On the one side, we have seen industry bodies like UK Finance recently warning that future EPC regulation changes could shrink rental supply and impact tenant choice. On the other, local authorities are already issuing fines to landlords who haven’t even met current EPC requirements, let alone the proposed higher standards.

This contradiction is more than just a curiosity, it represents a risk to landlord clients who may be delaying action on improving their properties, either because they’re unaware of the rules or they’re working on the assumption that EPC target for C and above compliance by 2028 or 2030 – depending on what the Government’s consultation might actually recommend - might eventually be dropped altogether. Neither of those positions are safe.

Let’s be clear: while there’s been significant lobbying for a rethink on a 2028/2030 target to get all new rental tenancies up to EPC C, the Government has not - at the time of writing - reversed that policy or shelved its broader energy efficiency ambitions. 

In fact, the opposite appears to be true. Local councils have stepped up enforcement of the existing requirement that all rental properties must be at EPC E or above. Evidenced by the case of the landlord recently fined £4,500 by Tewkesbury Council for letting out F and G-rated properties. It’s real, it’s happening, and advisers must help their clients avoid finding themselves in similar situations.

Yet, UK Finance’s recent comments that many landlords are “in the dark” about the changes to are also worthy of concern. Research suggests a significant number of landlords are either unaware of the EPC C target or are unclear on what they need to do to achieve it. This is where advisers come in. Education, clarity, and practical help have never been more important.

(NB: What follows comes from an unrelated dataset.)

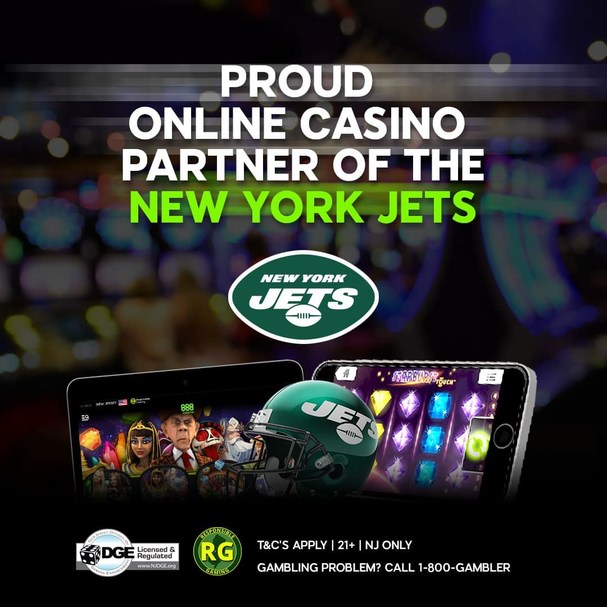 888casino Extends Sponsorship With the New York Jets for the 2019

Landlords are dealing with a lot right now. Fluctuating interest rates, increased regulation, Section 21 reforms, local licensing schemes, higher operational costs, not forgetting what the Renters’ Rights Bill will deliver into legislation. 

It’s not surprising that EPC ratings aren’t top of mind. But they need to be up there. The risk is not just regulatory, it’s commercial. Properties that don’t meet the right EPC standard could become unlettable in a few years’ time. 

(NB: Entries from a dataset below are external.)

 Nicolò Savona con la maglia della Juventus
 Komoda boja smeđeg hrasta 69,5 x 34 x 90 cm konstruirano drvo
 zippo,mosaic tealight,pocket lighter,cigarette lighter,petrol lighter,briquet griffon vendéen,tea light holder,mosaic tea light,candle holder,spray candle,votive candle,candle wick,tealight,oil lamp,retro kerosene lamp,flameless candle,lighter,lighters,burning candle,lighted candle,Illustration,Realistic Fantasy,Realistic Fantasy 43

As a consequence, they are already failing to secure the most competitive mortgage deals available now. Plus, the longer a landlord delays, the more expensive and disruptive it becomes to bring a property up to standard later.

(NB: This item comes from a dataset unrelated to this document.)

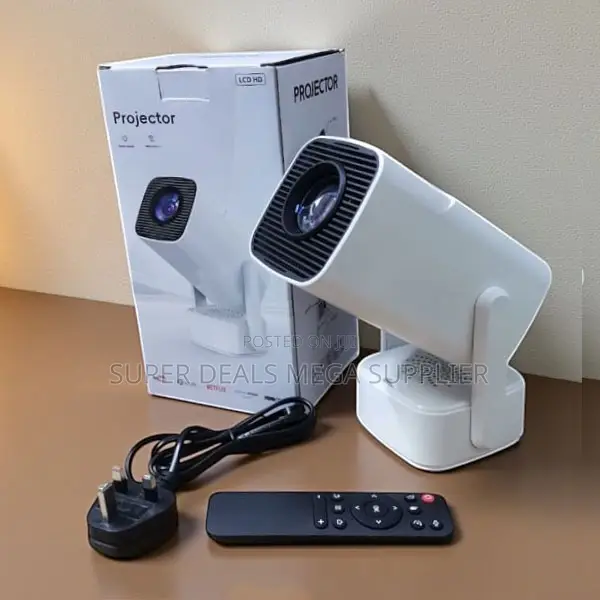 Hy800 Hd Smart Projector 18000 Lumens for Outdoor Movie Night Setup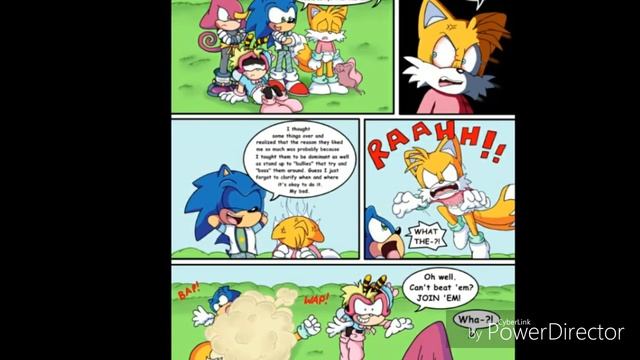 Charmy and Tails DayCare Comic смотреть онлайн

And let’s not forget, improving a property’s energy efficiency isn’t just a box-ticking exercise. There are real, tangible benefits, right now, for landlords who take this seriously.

We, for example, offer both lower interest rates and cashback incentives for landlords whose properties are already at EPC C or above. That’s money straight back in the landlord’s pocket. 

But more than that, tenants increasingly want warmer, more energy-efficient homes, especially with utility bills remaining high. A property with an EPC of C is more attractive to prospective renters. It will likely let quicker and for a higher rent than one rated D or E. Over time, better tenant satisfaction could also mean fewer voids, less churn, and reduced management hassle.

The reality is that, ultimately if nothing changes, then landlords who want to continue letting out properties, are going to need to make these improvements. It’s a cost of course, but perhaps it is better to view it as an investment in the long-term viability and profitability of the property. With access to mortgage products specifically tailored to greener homes, and a growing awareness among tenants, there’s a strong financial case for acting now.

Of course, advisers need to be realistic. Not all landlords have the upfront capital required to undertake major improvements, if they are required. But that’s where advice can really make a difference. 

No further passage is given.